Professional obligation and personal curiosity motivate this engineer to regularly test-drive alternatives to the Windows-plus-MacOS hegemony as they emerge.
Call me stubborn (or Ishmael, if you wish, although that’s not germane to this particular conversation), but over the past near-decade I’ve evaluated Google’s Chrome OS on numerous occasions; both as the operating system has evolved and on several hardware platforms: the initial CR-48 development system (a pristine unopened example of which still resides in my tech storage closet) and its successor, a Toshiba Chromebook 2.
The Chrome OS platform has gained some notable feature set additions over the years and continues to benefit from several advantages that it has exhibited since day 1; near-instantaneous boot-up, for example, along with cloud-based ease of recovery from system damage or loss (which explains its dominance in the education market). However, as I wrote in my most recent October 2016 post on Chrome OS:
Bottom line: at the end of the day, once I try to expand beyond the core Google apps experience, I’m left feeling empty.
So why am I try, trying again? To some degree I’m motivated by professional obligation to regularly test-drive alternatives to the Windows-plus-MacOS hegemony as they emerge. I’m also motivated by personal curiosity, specifically of what the addition of Android application support will bring to the Chrome OS experience. Back in August 2016, I’d written that Google had announced such pending support at the then-recent iteration of the yearly I/O developer conference, a development that had prompted my purchase of the Chromebook 2 in the first place. Unfortunately, however, although the 2015 model year iteration of the Chromebook 2 finally gained Android support in the Chrome OS Beta channel last December (with Stable channel support following this May), my 2014 model is still listed only as “Planned” more than two years after initial program unveiling. And I’m not holding my breath (no matter that I still regularly check for updates).
What I’m moving to instead is Google’s own Pixelbook, for which Android app support is already in place:
The Pixelbook was released in October of last year; until recently, the only things I’d heard about it were that it was high quality but also very high priced (characteristics it shared with its Chromebook Pixel predecessor). However, as part of a Father’s Day promotion, Google dropped the price of the entry-level variant, containing 8 GB of SDRAM and a 128 GB SSD, and based on an Intel “Kaby Lake” Core i5 -7Y57 dual-core (physical…quad-core virtual via HyperThreading) CPU, from $999 to $749. I pondered but ultimately didn’t pull the trigger on that offer, and regretted my inaction afterwards.
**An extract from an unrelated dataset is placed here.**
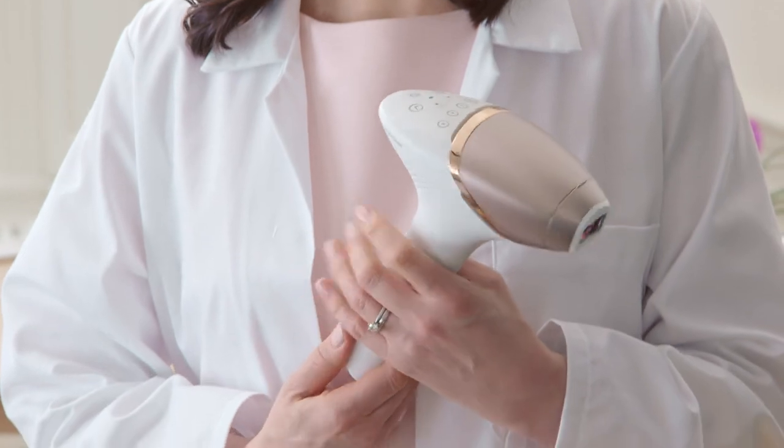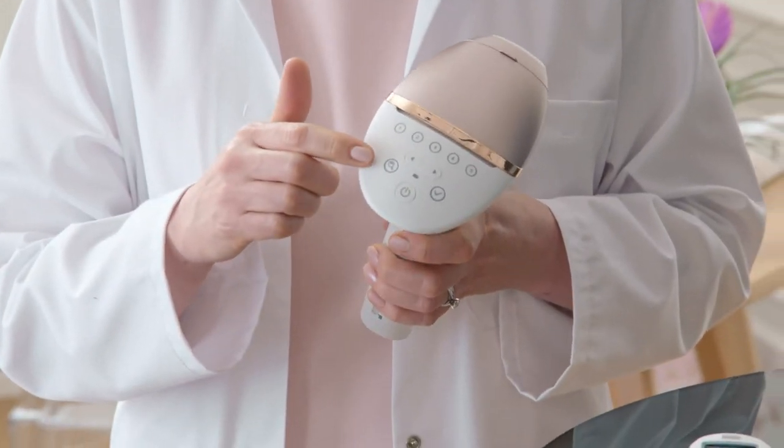Lumea works with a variety of skin tones and hair colors, but always check the skin tone and hair color chart to make sure it's suitable for you before using. The device has a smart skin sensor that can advise the best setting for your skin tone.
But more recently, I saw the entry-level Pixelbook for sale brand new on Ebay (I’m guessing the merchant had bought a bunch of them from Google or Best Buy during the Father’s Day promotion and was now reselling them at a slight profit). Although it was now offered for $800+, an active Ebay promotion knocked $100 off the price tag; even with a Square Trade two-year warranty added, it ended up being a few hundred dollars less than it would have been had I bought it comparably equipped on Father’s Day, and ~$500 less than the normal price with warranty. No sales tax and free shipping were added upsides.
It’s newly arrived and sitting in my office unopened as I type these words. Even if the Toshiba Chromebook 2 ends up getting Android app support, too, I suspect it’ll be functionally deficient due to its dearth of memory (4 GB), storage (16 GB), and processing (dual-core Intel Bay Trail Atom-based SoC) resources. I also picked up the Pen accessory to try out that additional interface option. The Pixelbook is USB-C-based, which will enable me to test the transfer bandwidth and power distribution capabilities of this newest interface standard both in an absolute sense and relative to USB generational precursors and Thunderbolt alternatives. And planned hardware platform support for Linux (along with rumored pending support for Windows 10) are intriguing, as well.